Filed by: Jared Patterson, Republican, District 106 (Frisco)

What it does: The bill would amend Section 102.051 of the Texas Business and Commerce Code so that venues hosting “drag performances” would be considered “sexually oriented business[es],” making them subject to the state’s strict laws regulating strip clubs, adult-movie theaters, and the like. Then the legislation defines a drag show as “a performance in which a performer exhibits a gender identity that is different than the performer’s gender assigned at birth using clothing, makeup, or other physical markers and sings, lip syncs, dances, or otherwise performs before an audience for entertainment.” 

Drag shows have been under fire from many Texas Republicans in recent years, and Patterson’s bill is of a piece with efforts to ban such shows from being performed in venues where minors can attend. But Patterson’s definition of “drag performance” is so broad as to include many performances that are decidedly not drag shows. A production of Peter Pan in which the role of Peter is played by a woman—as in most productions of Peter Pan—would qualify. So would any performance of Shakespeare’s As You Like It, in which the heroine, Rosalind, disguises herself as a male shepherd named Ganymede. Ditto any youth production of Oliver! in which the title role might be played by a girl because no boys auditioned. 

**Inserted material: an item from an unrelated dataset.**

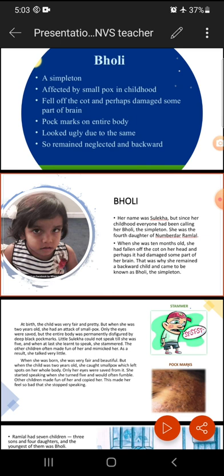Next point: she fell off the cot, and perhaps damaged some part of her brain. When she was a child, she fell off the cot — cot means charpai. She must have been lying on the cot and, because of some reason, she had fallen off.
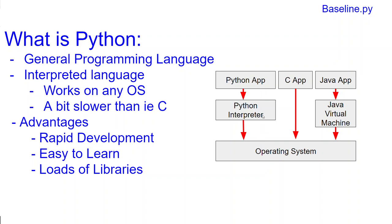This in-between step makes Python or interpreted languages in general slower than languages which are compiled like C.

The legislation would also target venues hosting any transgender performers—say, a bar that booked a band with a trans drummer. And because its language is so vague, the bill might even define a venue hosting a Post Malone concert during which the artist wears a comfy housedress, or a venue hosting a guitarist with hair longer than a local official (such as a county attorney) thinks a man’s hair should be, as a “sexually oriented business.” 

Texas heavily regulates “sexually oriented businesses.” Such businesses may not permit anyone under eighteen to enter. They must pay a fee to the state of five dollars per customer admission and maintain strict records of every customer entry. They have to post signs in bathrooms related to human trafficking—and on and on. These may be reasonable regulations for, say, a strip club or a porn theater, but a rock club or a community theater that doesn’t offer sexually explicit performances could find itself governed by the same rules if this bill passes. Given the stakes, those venues may well be unlikely to offer trans performers—even if they’re just strumming guitars or sitting behind drum kits—the opportunity to play. 

Does the bill have a chance of passing? Patterson is a well-known legislative troll whose bills have a low passage rate. (HB 643 is one of fourteen he introduced in the first two days of prefiling!) We’d expect that the bar and nightclub industry in Texas will have a lot of objections to the legislation as it’s currently written: HB 643 introduces big new risks for almost any business that hosts any live performance of any kind. But the Texas GOP has gone all in on trying to regulate—or put an end to—drag shows over the past year, as part of the moral panic it has sought to stir around the prospect that any acceptance of transgender or drag-performing Texans might result in the “grooming” of impressionable schoolchildren to adopt such a lifestyle. The primary objective of Patterson’s bill is to make venues that might intentionally book drag shows balk at the new costs imposed by hosting such performances, regardless of whether they’re of a sexual nature (as some, but certainly not all, drag performances are). We wouldn’t be surprised if a rewritten, more narrowly targeted version of this bill garners support during the session.